6 A material question of fact exists as to whether Wright attempted to exhaust his administrative remedies with Kenosha County. If he did mail the grievance to the proper address and with the proper postage, but the grievance did not reach Kenosha
County, then the failure to exhaust is not due to any fault of his and the exhaustion process is rendered unavailable. White v. Bukowski¸800 F.3d 392, 396 (7th Cir. 2015) However, if he did not follow the proper procedure, then he failed to exhaust his administrative remedies before filing this lawsuit.

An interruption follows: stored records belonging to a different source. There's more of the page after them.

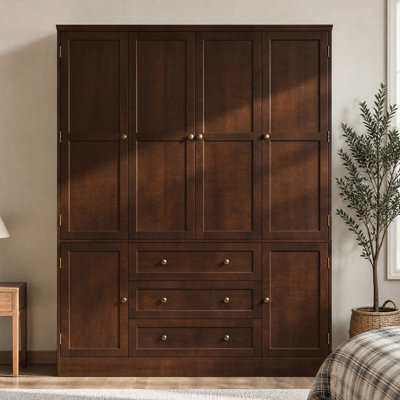 Armoire en bois massif de 200 cm de hauteur, 6 portes, 3 tiroirs et tringle à vêtements, couleur noyer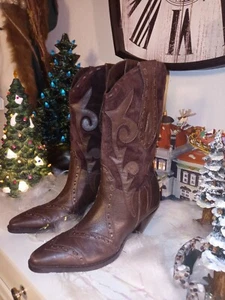 Bass Palomino Cowboy Boots Size 6 - Picture 1 of 11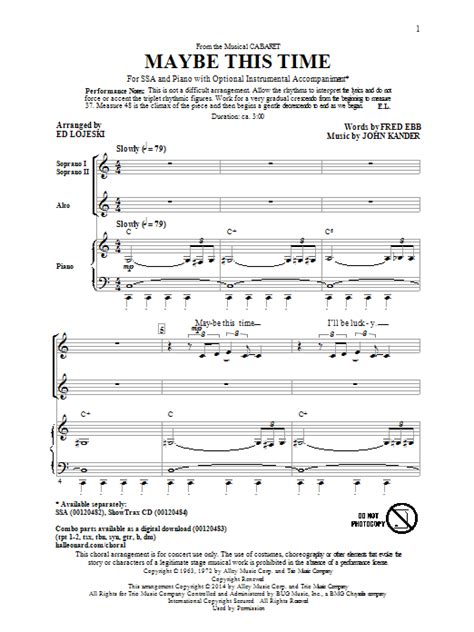 Maybe This Time | Sheet Music Direct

Id. The Seventh Circuit has instructed that, when questions of fact exist regarding whether a prisoner exhausted the available administrative remedies, a court must
conduct an evidentiary hearing to resolve the issue. See Pavey v. Conley, 544 F.3d 739, 742 (7th Cir. 2008). At the hearing, the court “may hear evidence, find facts, and determine credibility. After finding facts, the district court may allow the claim to proceed or dismiss it for failure to exhaust.” Wilborn v. Ealey, 881 F.3d 998, 1004 (7th Cir. 2018) (citations omitted). The court finds that an evidentiary hearing is necessary to determine whether the grievance process was unavailable to Wright.
CONCLUSION For the reasons stated above, the court will schedule a status conference to discuss the logistics of an evidentiary hearing. Once the court holds the evidentiary hearing, it will issue a decision and order on Aker’s motion for summary judgment.
7 ORDER NOW, THEREFORE, IT IS HEREBY ORDERED that the clerk of court’s office set a status conference to discuss the logistics of holding an evidentiary hearing.
Dated at Milwaukee, Wisconsin this 5th day of May, 2025.